ヴァシーレには、それが挑発なのか……挑発に見せ掛けて、能力の罠を仕掛けているのか判別出来ない。
……今は一度、撤退する方が得策だろう。
だが。
逃げる事は危険極まり無い。……今、此処で始末しなければ、後々、賞金を仕掛けられるなどしてやっかいだ。身勝手な行動をした、ムルド・ヴァンスは自分を許さないだろう。ムルドとの縁が今、切れるのも困る。彼を利用しなければ、MDのマフィア達の利権を強奪する事は難しい……。
ヴァシーレは服の中に仕込んだナイフをあらゆる方向から、道化師に向かって投げ付けていく。頭、胸、背中、腹、喉。あらゆる角度から、ナイフを投げ付けた。
それらの全てが、道化師の身体をすり抜けていく。ナイフが次々と、壁に命中して、地面に転がった。

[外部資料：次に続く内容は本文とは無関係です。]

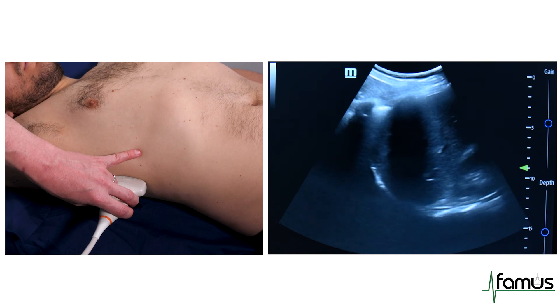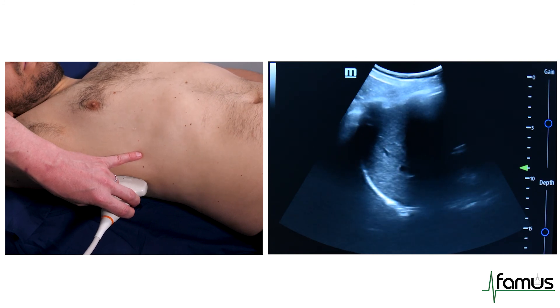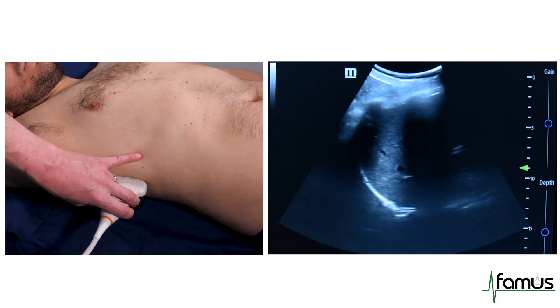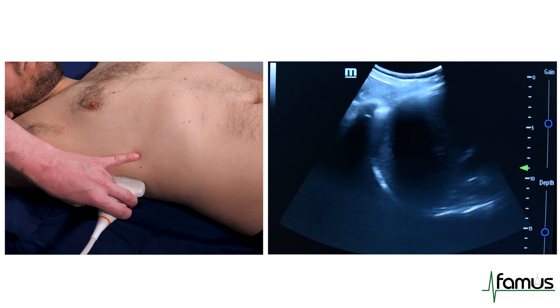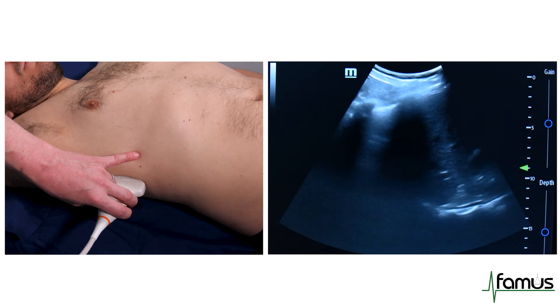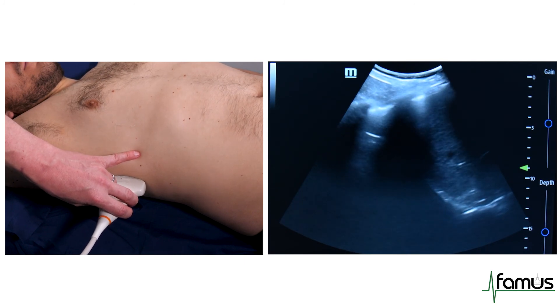Finally, we can see a demonstration of the mirror artefact here, which is generated from the base of the diaphragm as our model breathes out in particular.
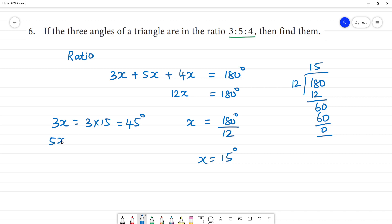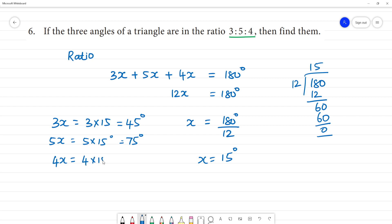Next is 5x, 5x multiplied by 15 — 5 multiplied by 15 is 75 degrees. And 4x, 4x is equal to 4 multiplied by 15, that is equal to 60 degrees.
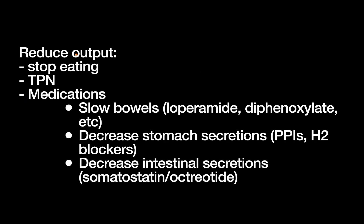So how do we do step one? How do we reduce output of these fistulas? You have a few options. One is to just stop eating. Of course, you can't do this forever, but a few days of bowel rest in a low output fistula might be enough to get you through and get that thing to start healing up. Of course, if you do this for much longer than just a few days, you need to start that patient on TPN.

「テメェの能力は、幻影か何かか? そこにいるお前は、本当に実体が存在するのか?」
ヴァシーレは首をひねった。
「さてえ?」
メテオラは転がったナイフを手にして、自らの指先に近付ける。
血が、ぽとり、ぽとり、と流れ落ちた。
「俺の実体は此処にあるぜ。ただ、俺に通じないってわけだ」
くるくる、と、メテオラは拾ったナイフでジャグリングを始めた。
「透過しやがるのか。やはり、空間をバラしてやがるのか?」
……、ならば、この敵をどうやって始末すればいい?
ヴァシーレは次の瞬間、即座に決断した。
それは。
この場から、すぐさま撤退……つまり、逃げる事だった。
†
ヴァシーレはカジノの外にいた。
逃げ切れたかどうかは分からない。
これで、警視総監のコルトラだけでなく、アルレッキーノのボスである殺人道化師まで完全に敵に回した事になる。……更に、顔半分が存在しない謎の人物も、自分を見張っている。……このままでは、自分の運命は八方ふさがりになるだろう。
だが、悪い事ばかりでは無い。
少なくとも、組織アルレッキーノのボス、メテオラの能力を知る事が出来たのだ。これで、幾らでも対策を考える事が出来る。
「しかし、畜生が。……俺は周到に計画を練るのが苦手だ…………」
ムルドとは手を切らざるを得ない。
奴はまがりなりにも、一組織のボスだ。これ以上、自分に手を貸してくれる事は無いだろうし、また彼にどんな感情があれど、彼の立場を考えれば、ヴァシーレと手を切る以外の選択肢は無くなるだろう。
ならば……。
「ウォーター・ハウス……。せいぜい、利用させて貰うぜ……」
まだ、逃げ切れているとは思えない……。
尾行されているような気がする…………。
だが。
暴君。
彼らの側に付くしかない。
ヴァシーレは巨大カジノを背にしながら、本格的に暴君と赤い天使の側に付く事を考えていた。今後、ムルド・ヴァンスとは敵対する事になるが構わない。…………、少なくとも、自分は前向きに考えるしかない。決断した事に対して、もう後戻りは出来はしないのだから。